Tag Archives: TFA

Analysing the effect of having many details about Ibo culture in Part 1 of TFA

3 May

Throughout part 1 of the novel Things Fall Apart, we notice that Achebe has described several different details about Ibo culture and society, through the plot and the actions of the characters. He tells us about the Ibo traditions, their lifestyles, their laws, etc. But why has he done this? The key reason is to teach his audience that the Ibo have a strong, rich, beautiful culture. When the colonists arrived in the Ibo-occupied regions of Nigeria in the late 1800s, they viewed the Ibo community in a completely different way to how Achebe describes them. This is because they were unfamiliar with them and their ways of life. The colonists had never seen people like the Ibo before, and because they were so accustomed to their western lifestyles, they tagged them as uncivilized and savage, based their own experiences. Achebe did not want only these views going around about his people/ancestors, because in his eyes they were untrue.
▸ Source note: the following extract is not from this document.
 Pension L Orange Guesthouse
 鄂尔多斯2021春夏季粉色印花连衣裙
So through TFA, he teaches us foreigners about the beauty of his people’s lives, and attempts to eradicate the biased views we initially had about them. This was due to us initially listening only to the views of the white European men.

By including so many different details about Ibo culture and society in the text, Things Fall Apart has several effects on the reader. The main effect is that the reader is now able to observe what the Ibo were like through the eyes of one of their own (Achebe), as well as from the views of foreigners (the colonists). They are able to see the beauty of the Ibo culture and society, not just the initial biased views about it from the colonists. Because of this, it gives the reader a more worldly view of them, as they are able to consider the views from both sides. As the plot goes on, this effect on the reader will be emphasized further, as well as many other effects emerging which were not initially noticed.
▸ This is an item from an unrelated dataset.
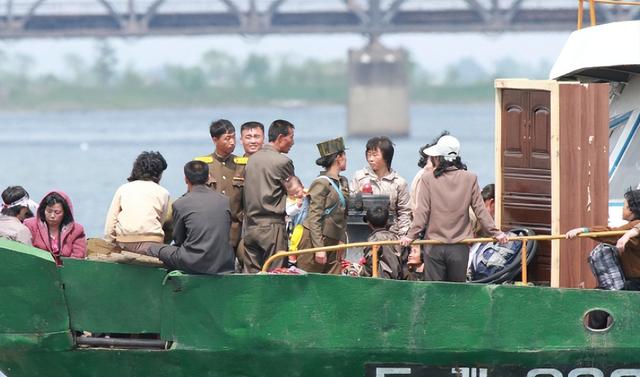 中国游客到朝鲜游玩，朝鲜人疑问：为什么中国人是这样的？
Descriptions of Ibo society in TFA chapters 1-3

29 Apr

In the first three chapters of the novel “Things Fall Apart”, the reader can identify several unique themes/aspects relating to the text. The most significant of these aspects is “the beauty and complexity of Nigerian/Ibo society”.   The Ibo community, which the main protagonist Okonkwo is a part of, is very different from the regular western community I am familiar to. Several of the differences between the two communities include the aspects of traditions, social structure, lifestyle, etc.

I’ll start off with traditions. One example of the difference in traditions is “the breaking of the kola nut”. This will happen during a range of events, from somebody stopping by for a casual conversation, to a great deal being made between two parties. The kola nut is something like gift, a gesture for the occasion. For example, if somebody is coming by another person’s house to make a deal with them, then either the host or the guest will provide the kola nut. It is then broken and eaten between the two people. The “breaking of the kola nut” is almost like a handshake, or a gift, in western society, but if member of the Ibo community saw westerners doing those things, they would definitely have the same reaction as us to seeing them break the kola: “what a strange activity”. Another tradition we are introduced to is the usage of proverbs in conversation. In Ibo society, “the art of conversation is regarded highly” (pg 6), and proverbs are used greatly in conversations to emphasize point being made. This is very different from western society, where we just simply converse with one another in everyday language, unless, for example, we are two scientists and need to discuss with one another a topic that requires complex vocabulary that we both know. A final tradition that strikes me is the taking of titles. Men in Ibo society are encouraged to take titles in their clan, as it makes them highly regarded and brings them honour. Men who do not take titles, like Okonkwo’s   father Unoka, are not respected as much as men with titles, and are sometimes considered inferior.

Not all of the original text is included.